___ MATERIAL PROVIDED

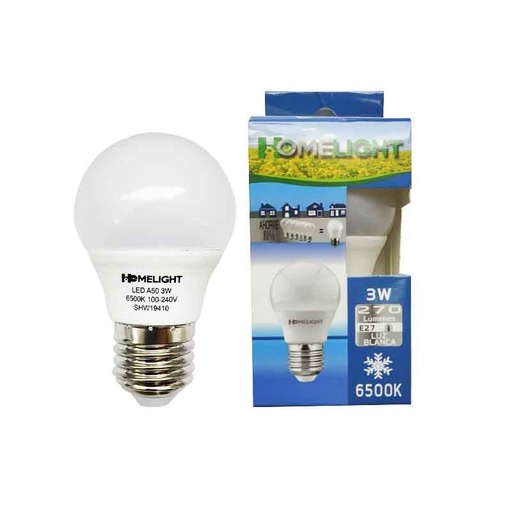 [HOME-703] BOMBILLO LED BULBO 3W 6500K E27 HOMELIGH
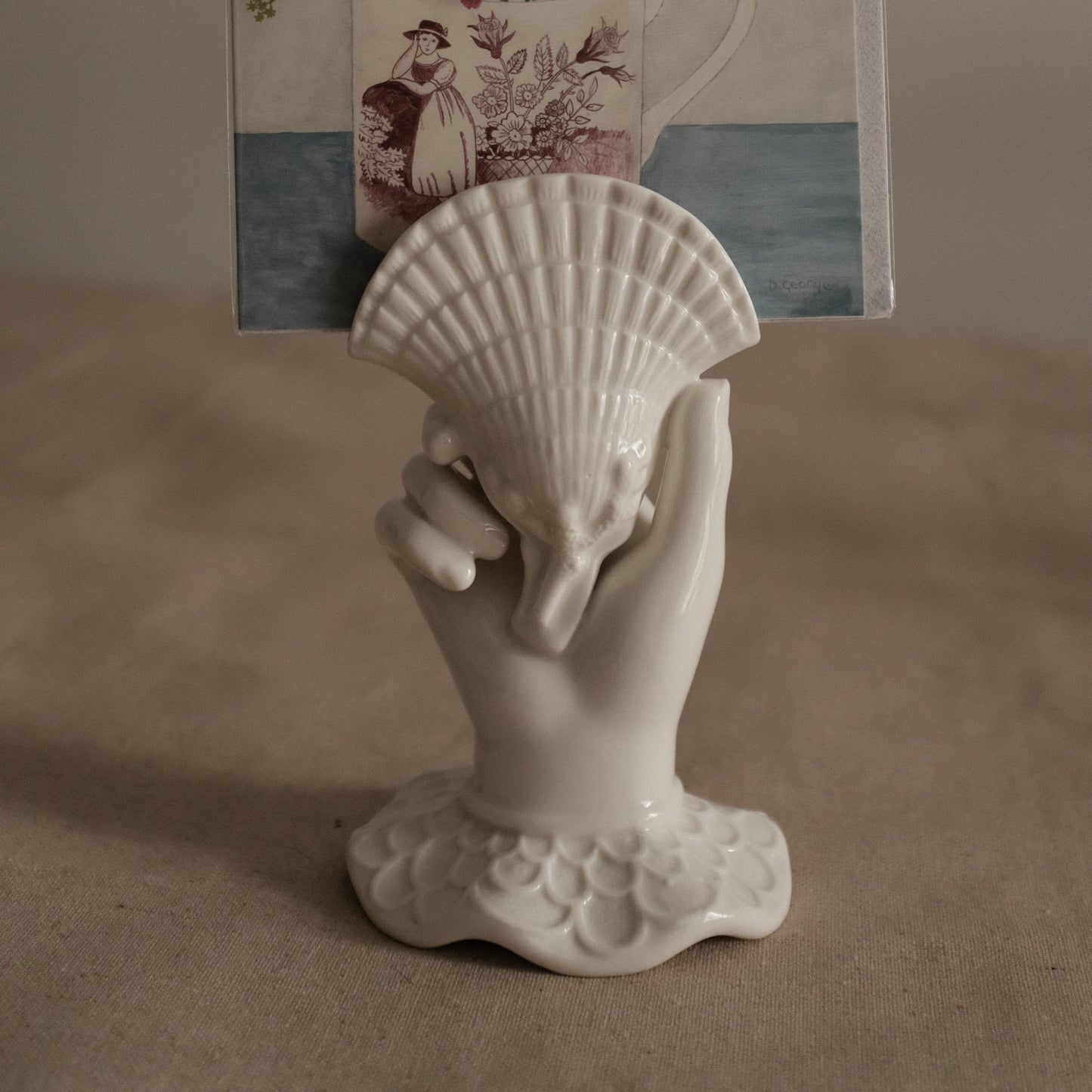 MARELLA French Retro Grasp of Sea Shell Ceramic Vase Card Holder Tissue Holder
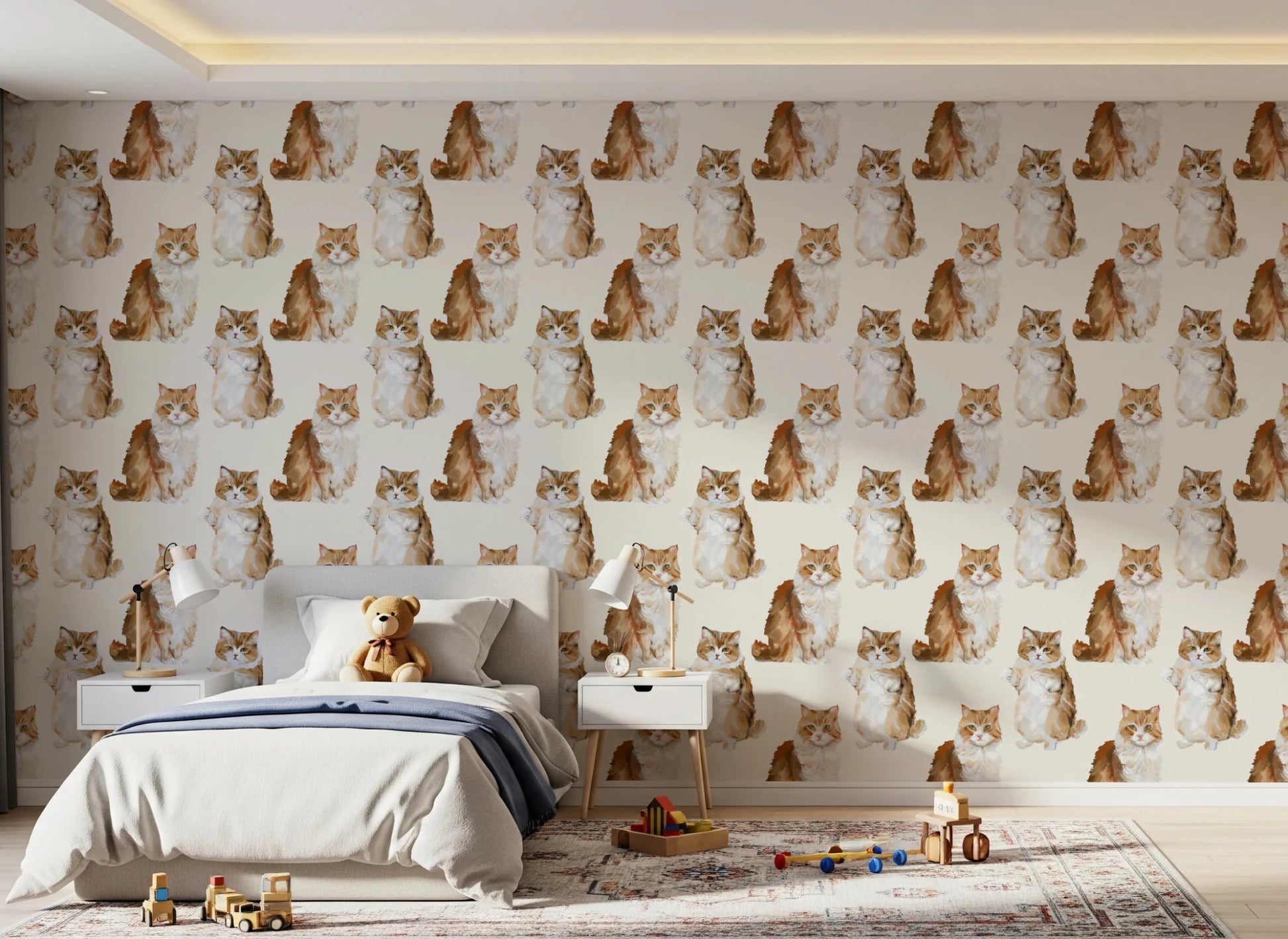 Fluffy tabby ginger cats handpainted oil painting pattern Wallpaper⁠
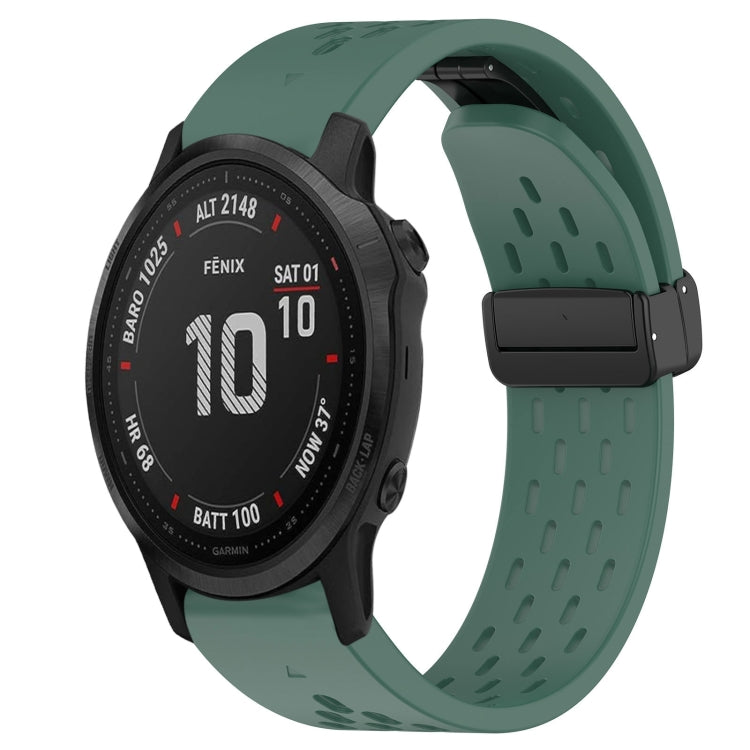 For Garmin Fenix 6S Hole Folding Buckle 20mm Silicone Watch Band(Dark Green) - Watch Bands by buy2fix | Online Shopping UK | buy2fix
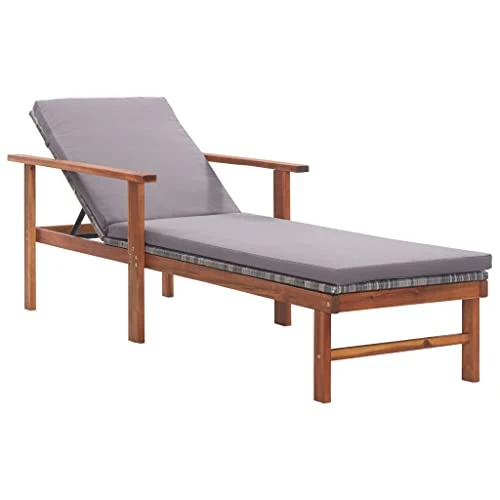vidaXL Chaise Longue et Coussin Jardin Bain de Soleil de Patio Transat de Terrasse Extérieur Piscine Résine Tressée Gris Bois d'Acacia
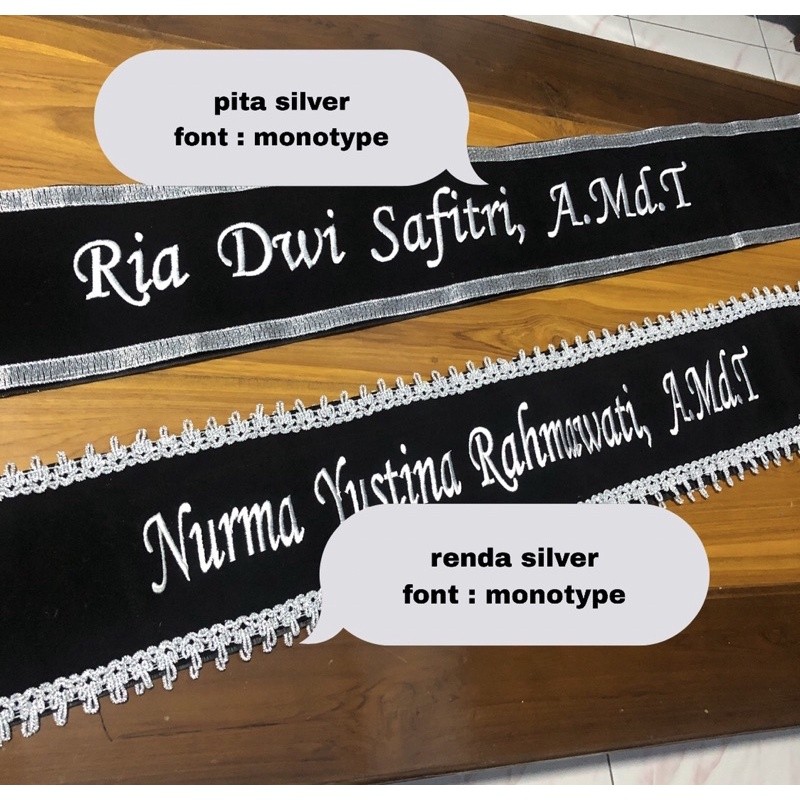 SELEMPANG WISUDA / selendang wisuda / selempang bludru / selempang bordir Selempang Wisuda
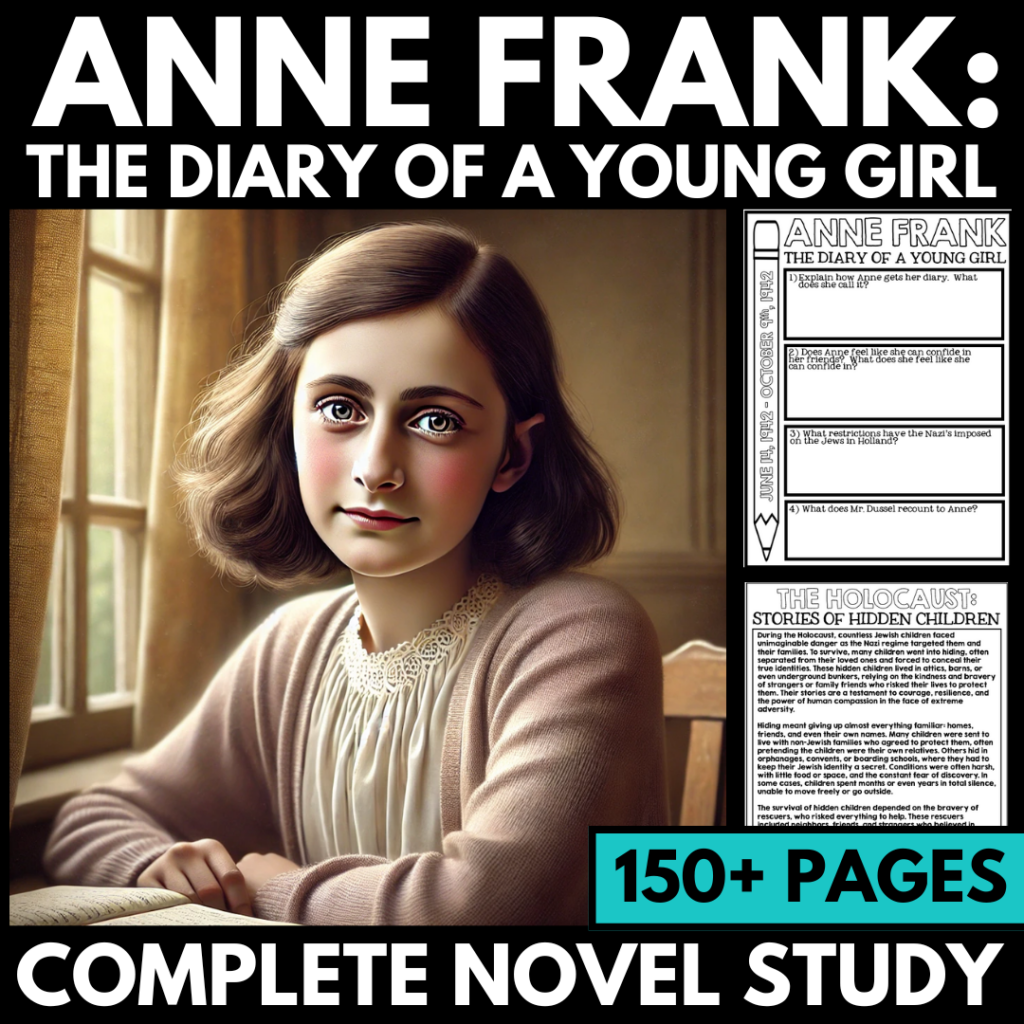 Cover of "Anne Frank: The Diary of a Young Girl" with a painted portrait of the young author. Text highlights over 150 pages packed with novel study guides and innovative teaching ideas.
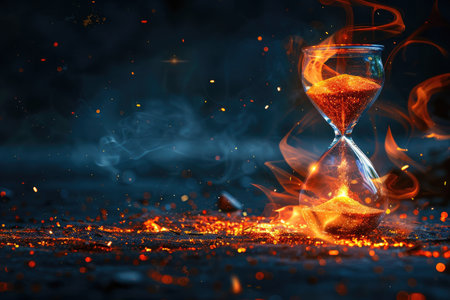 An hourglass engulfed in flames with smoke and sparks surrounding it.の素材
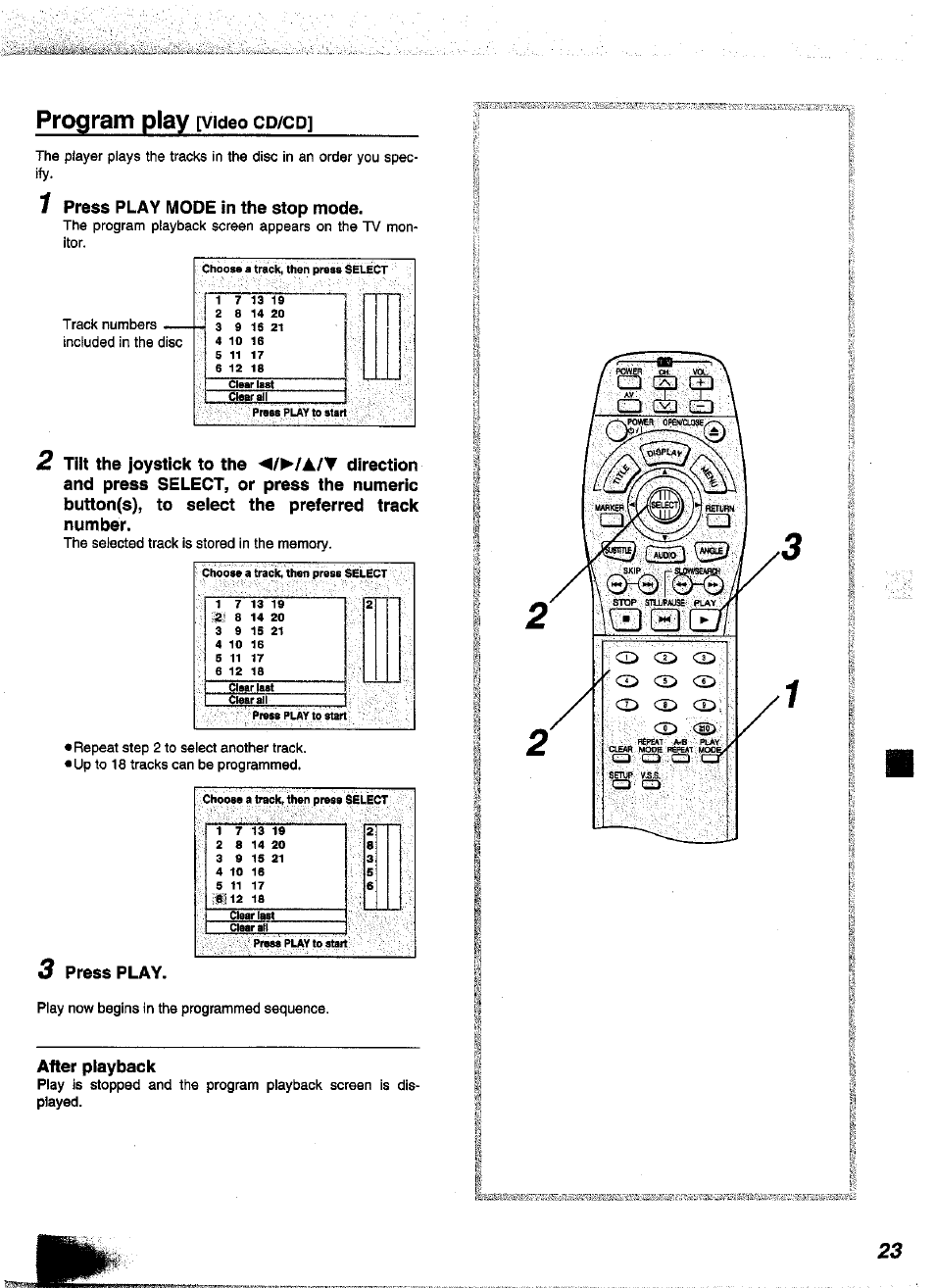 Program play, Video | Panasonic DVD-A350A User Manual | Page 23 / 47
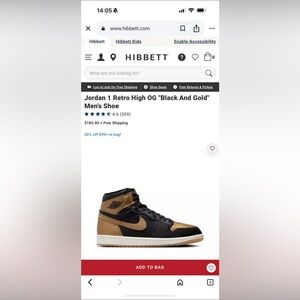 Jordan 1 Retro High OG Black Gold Sneakers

______

**DIRECTIONS:** Each line from the one with "vidaXL Chaise Longue" through the final line of the records must be copied exactly, with no pictures and no additional lines.

**WORKED SOLUTION:**
vidaXL Chaise Longue et Coussin Jardin Bain de Soleil de Patio Transat de Terrasse Extérieur Piscine Résine Tressée Gris Bois d'Acacia
 SELEMPANG WISUDA / selendang wisuda / selempang bludru / selempang bordir Selempang Wisuda
 Cover of "Anne Frank: The Diary of a Young Girl" with a painted portrait of the young author. Text highlights over 150 pages packed with novel study guides and innovative teaching ideas.
 An hourglass engulfed in flames with smoke and sparks surrounding it.の素材
 Program play, Video | Panasonic DVD-A350A User Manual | Page 23 / 47
 Jordan 1 Retro High OG Black Gold Sneakers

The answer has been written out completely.